Thursday, July 28, 2011

One of Those Days.

Today has been one of those Mexico days. Or maybe one of those Mom of a one-year-old days. Or maybe a combination of the two.

Wanna know why?

I'm starting to get one of two feelings. Either having a one-year-old can be a royal pain. Or I'm not a very good mom. Either way, AV is having major trouble being satisfied or appeased by anything I do. There are only a very few things I can do right, right now. They are these:

1. Make bubbles in a bucket.
2. Feed her Jello.

And that's about it. If I stop making bubbles or choose to try to feed her something nutritious, there is a long, long, long time of crying, moaning, screaming, laying down, running around. And it's quite possible that the crying, etc isn't just AV.

There have to be more things that please her. There HAVE to be. Bubbles and Tina (aka Gelatina en espanol) That's it??? Those two things are what lead me to believe that maybe I'm just not that great of a mom. How is it possible that I can keep 50 5th graders at least somewhat entertained for 6 hours, but I cannot entertain my own child?

Are there parenting books that I should be reading? Are there foods that are magical? Should I just let her play with the stupid bucket and one inch of water and a few squirts of soap and a couple clothes pegs all the livelong day even if it's raining out?

Now, about rain. I've talked about before, but seriously. Rain has made me cry more than weather ever should. My mom gets here tomorrow and we're planning a weekend out and about which means that the clothes needed to be washed today. But since the Clothesline Snafu of 2011, I can only do one load a day. Well, today, I pressed my luck. I tempted fate and Mother Nature. And I lost. Well, AV's clothes lost. Now, the Lord only knows when those clothes will get dry. It's quite possible that they will hang on that broken clothesline until we're back on Monday, and then they'll get washed again. Lame.

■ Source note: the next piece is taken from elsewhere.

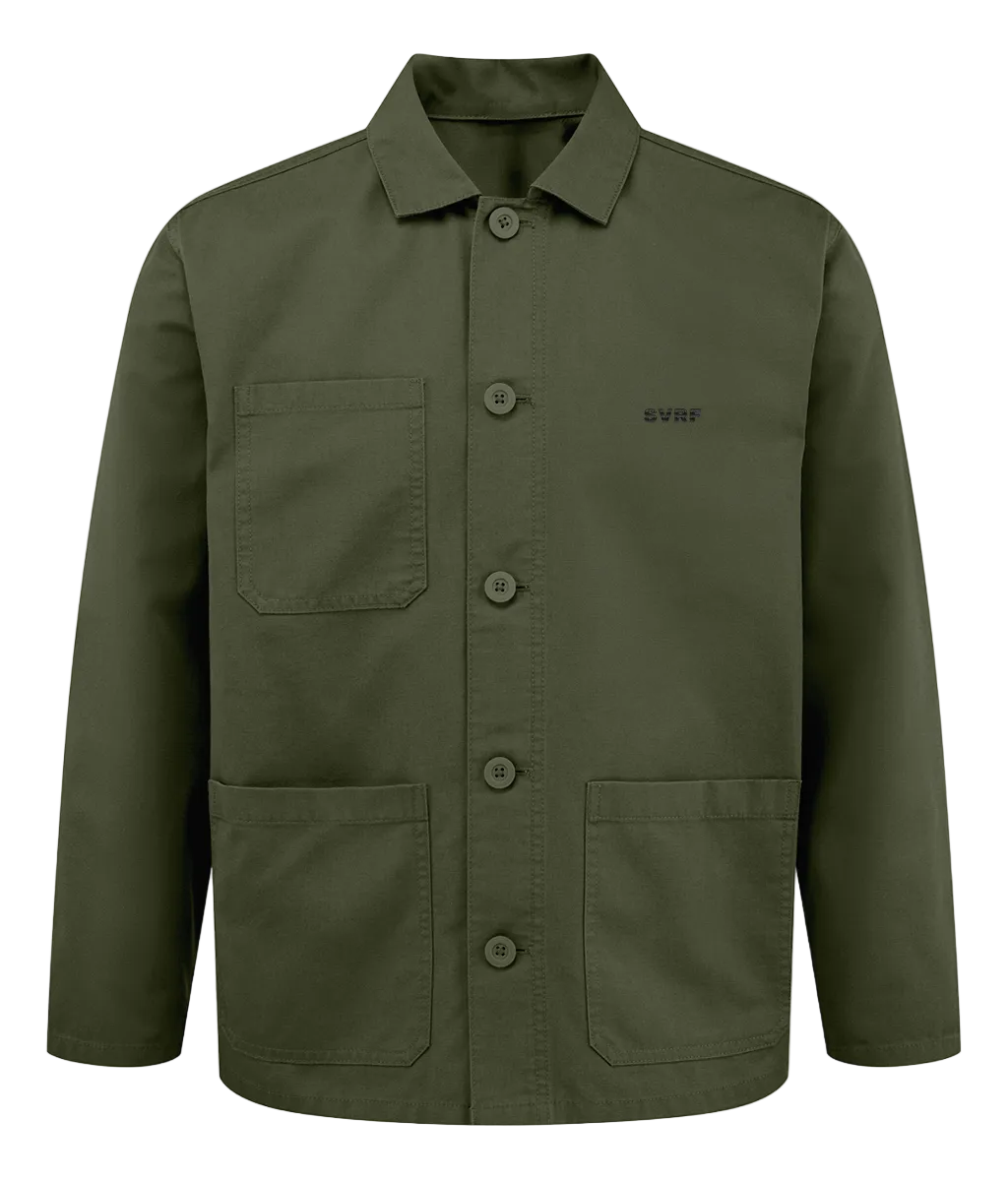 SVRF Worker Jacket in olive canvas, front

Speaking of lame. Mexico City's car circulation laws. Now, those are lame. If you know me, you know that I am a friend of the environment. I recycle even though it means driving my recycling across town. I don't feel goofy taking my bags to the grocery store. I don't mind showering quickly to save water. Whatev, you get the picture. We want to go into the city tomorrow because Ramon has to go for work anyway, and then head to the airport to get my mom. This will save us time, money, energy, and be a fun way to spend the day. But, I can't drive my car in Mexico City until 11 am and Ramon has to be where he needs to be by 10. What this means for the Alvarez Familia is this. Ramon has to get up super early, take a taxi across town, take a bus to Mexico City, take another taxi to where he needs to be, Ana and I have to drive to the bus station later, take the bus to the airport, Ramon has to take another taxi to the airport to meet us and then Ramon, my mom, AV and I will have to buy tickets and ride the bus back to Puebla, then drive home. Not only will our environmental impact be much greater, the financial impact will go from around 40 bucks total to over 100.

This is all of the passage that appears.